Dr. Devendra Shrimali
Dr. Dharmesh Motwani

Impact of Capital structure on Firm’s Profitability: A Study of Selected listed Cement Companies in India

Mr. Bhushan Singh* & Dr. Mohinder Singh**

Research Scholar, Department of Accounting and Finance, School of Business and Management Studies, Central University of Himachal Pradesh, Dharamshala, Himachal Pradesh, India- 176206

Mobile: 91-941-8459015 Email:

Assistant Professor, Department of Accounting and Finance, School of Business and Management Studies, Central University of Himachal Pradesh, Dharamshala, Himachal Pradesh, India- 176206

Mobile: 91-941-8459015 Email:


The objective of this study is to investigate the impact of capital structure on firm’s profitability through the selected cement companies in India. The study is based on secondary data i.e. five years financial statements collected from PROWESS data base of CMIE. Based on correlation coefficient, study found a significant negative relationship between debt and profitability meaning that companies with higher proportion of debt tend to have low profitability.

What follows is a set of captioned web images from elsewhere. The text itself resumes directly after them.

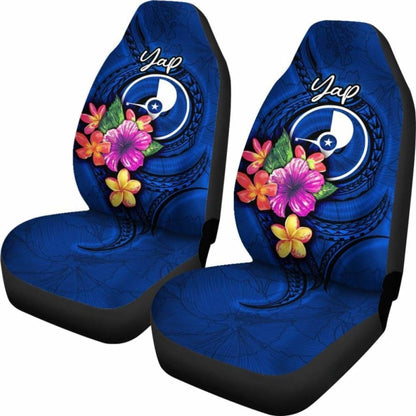 Yap Micronesia Car Seat Covers - Floral With Seal Blue -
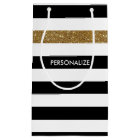 Black Stripes FAUX Gold Glitz et Nom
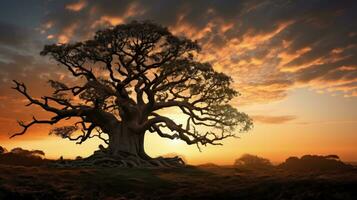 Sunset over ancient oak. silhouette concept photo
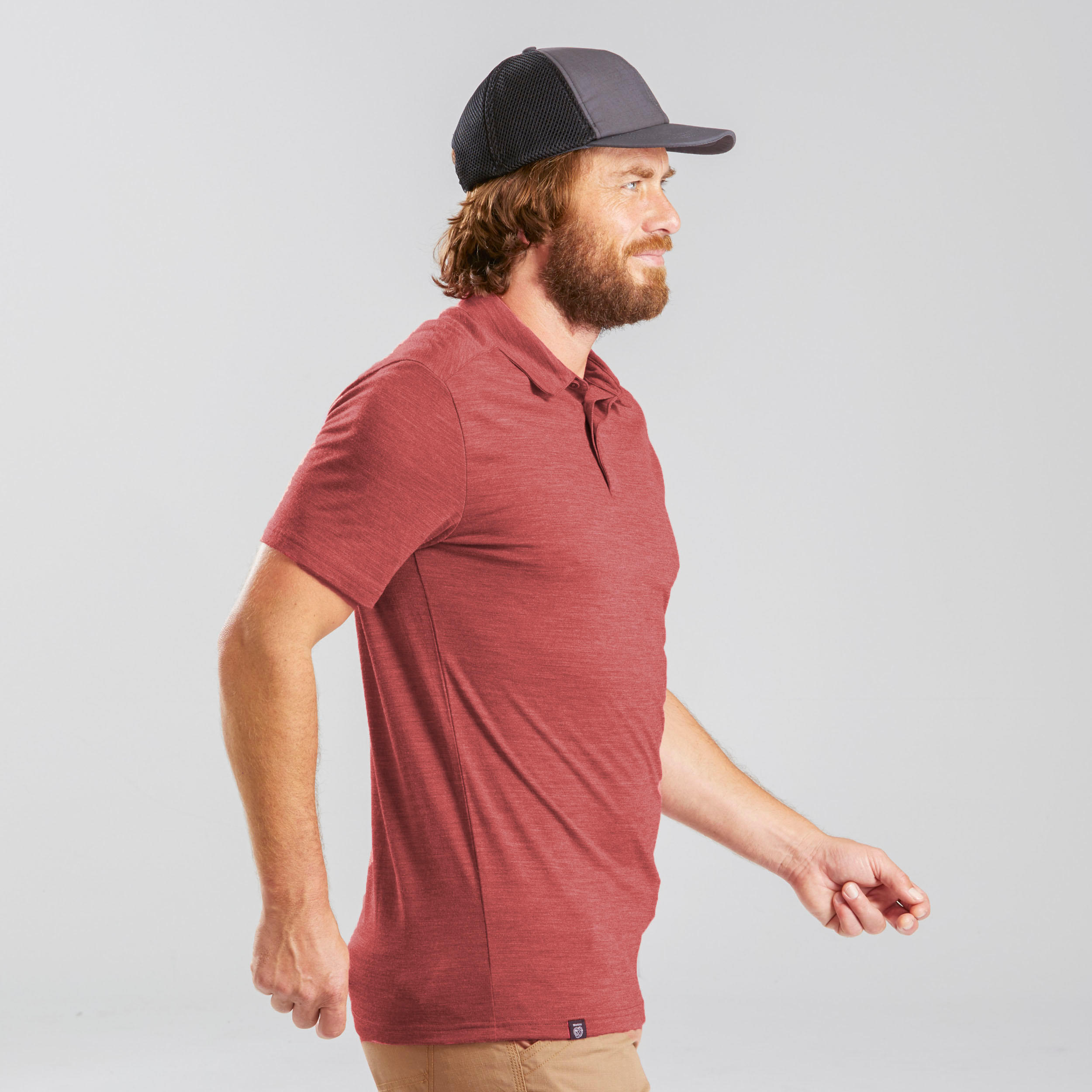 Men's Merino wool trekking travel polo shirt - TRAVEL 500 - red 1/11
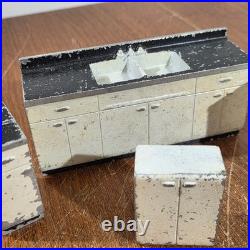 Vintage Lyon Kitchen Cabinet Salesman Sample Cast Aluminum 7 piece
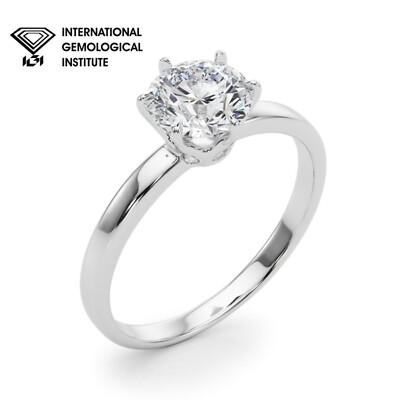 Runder im Labor gezüchteter Diamant Verlobungsring Platin UK punziert IGI F/VS 1,50 kt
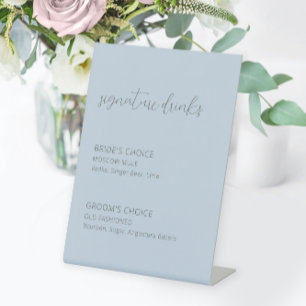 Signe De Table Mariage bleu foncé Signature Boissons Signal de pi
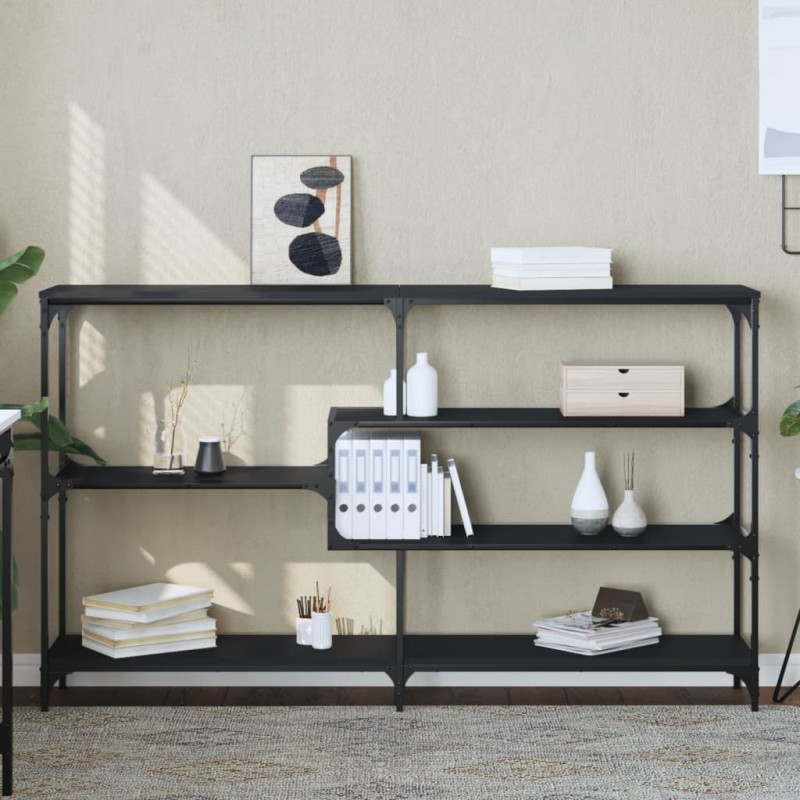 vidaXL Mesa consola madera de ingeniería negra 160x32x95 cm vidaXL Mesa consola madera de ingeniería negra 160x32x95 cm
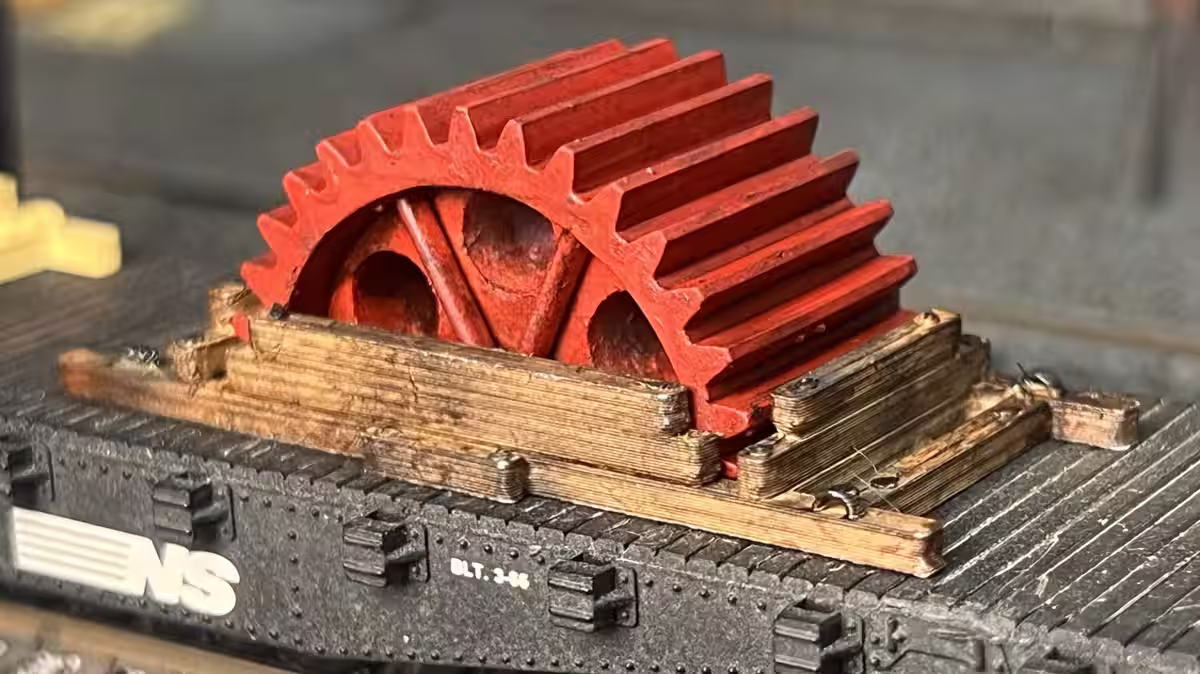 HO Scale Large Gear Flat Car Load Close Up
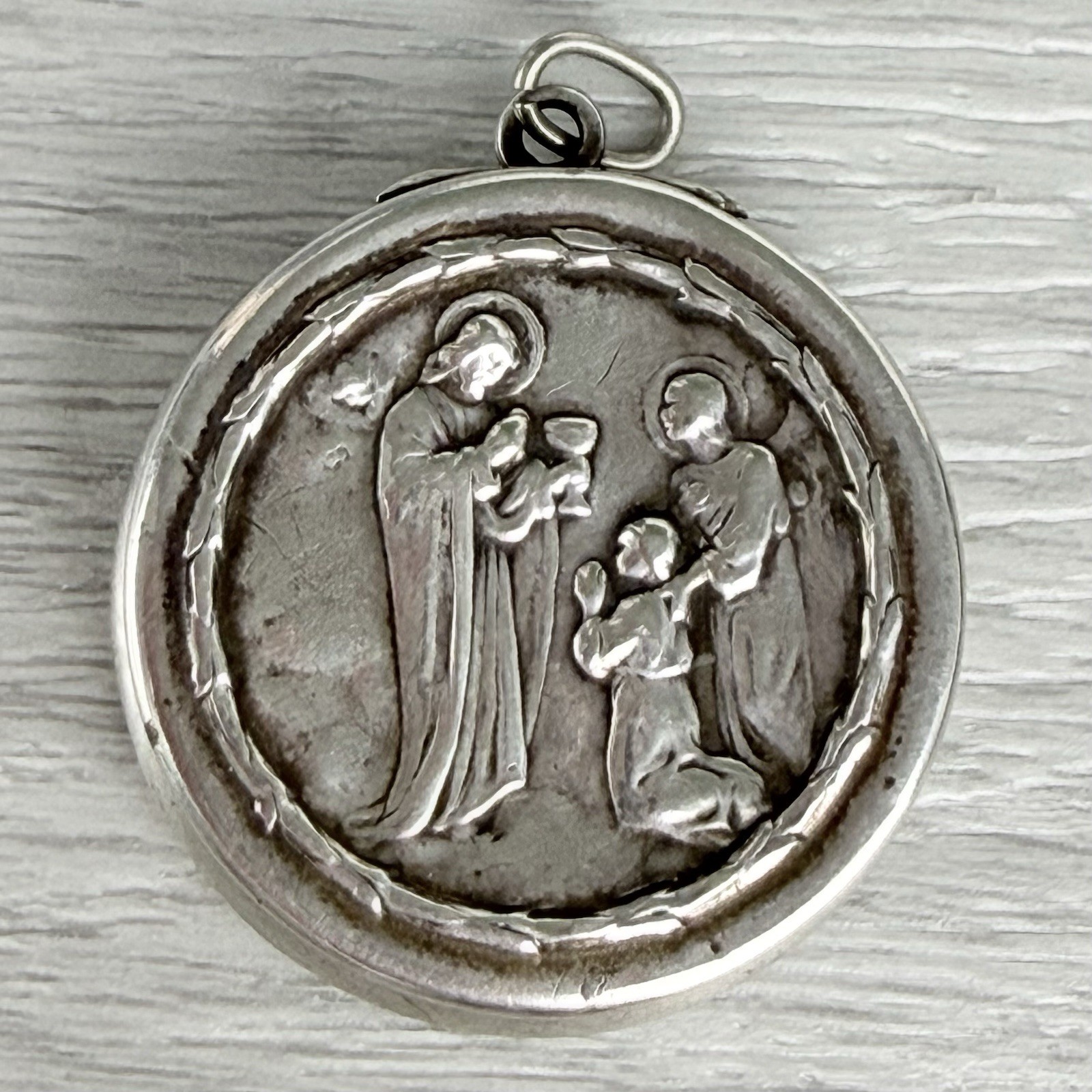 Vintage 800 Silver Rosary Box Necklace Pendant Locket First Holy Communion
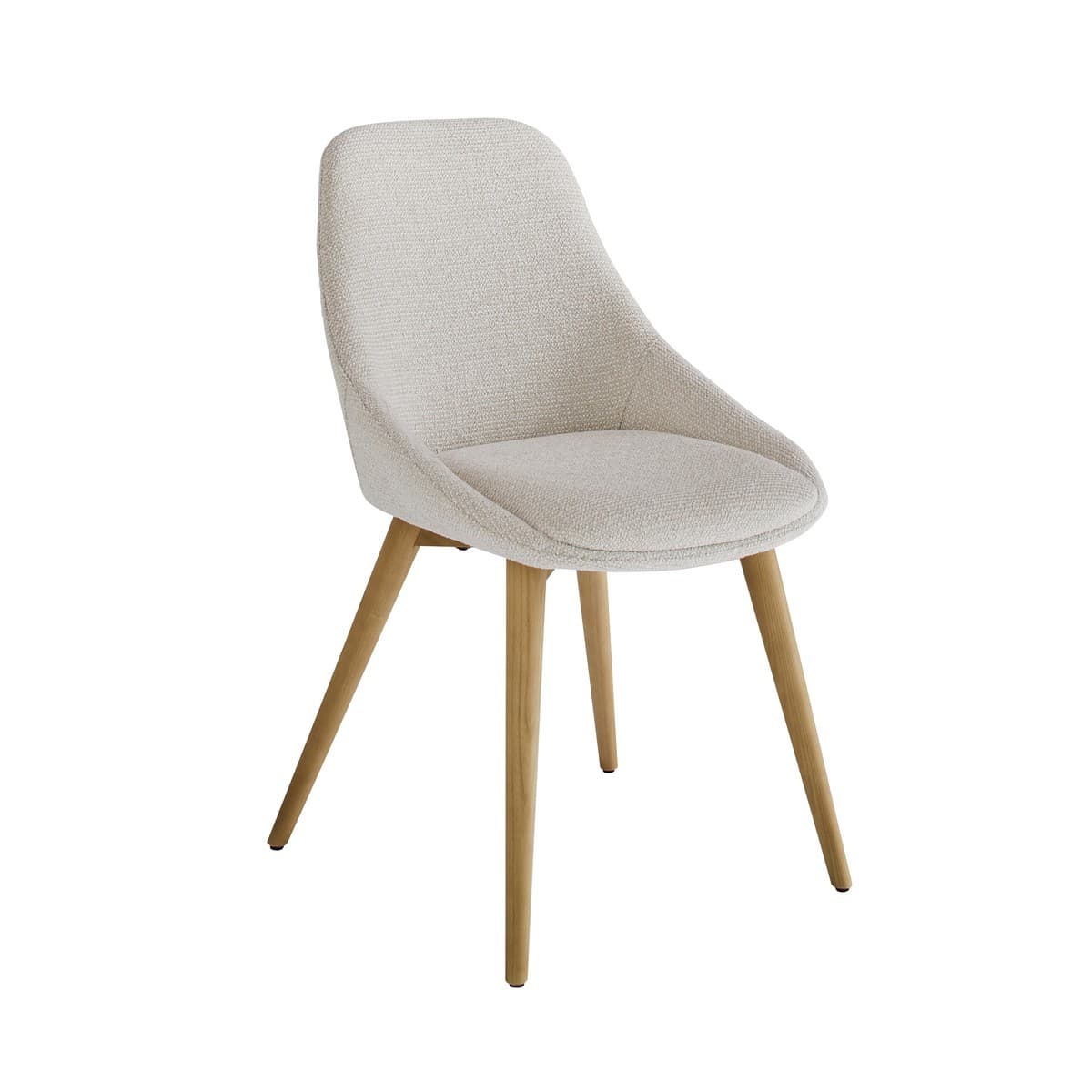 Chaise tapissée écrue ALBA - Bois massif - Calicosy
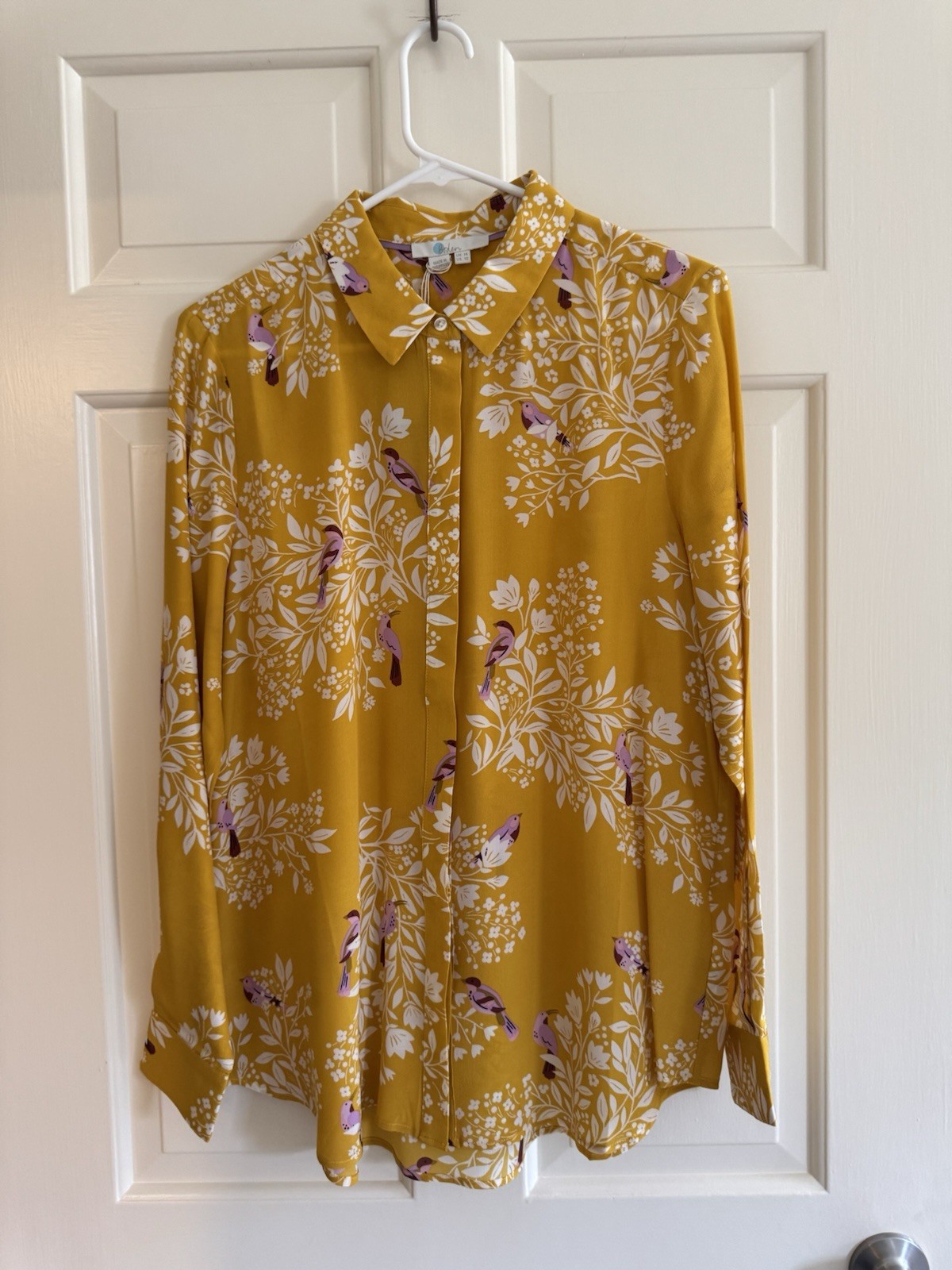 Boden Silk Shirt Sz US 10R in Yellow w/ Birds – NWT **READ**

Keywords: Capital Structure, Return on Capital Employed, Gross Profit.

JEL- G32, L61, and, O53


Cement industry is among the one of largest industries of the world and occupies the predominant place as one of the basic industry for development and it has capacity to provide employment opportunities for large no of people. Cement rank next to steel in construction material and so is the basis of all modern construction.

India’s cement industry is world second largest industry with the share of around 7 percent of total world cement production being china on the top with share of around 35 percent of total world cement production. In year 2014 Indian cement industry has completed its 100 years of existence. In its journey of a century, there had been several period in which cement industry is hit hard due to Government policies while some spell provided relief too. Through all this, the constant has been a continuous shortfall in the infrastructure support – power, coal and railway wagons (Source: Ministry of Commerce).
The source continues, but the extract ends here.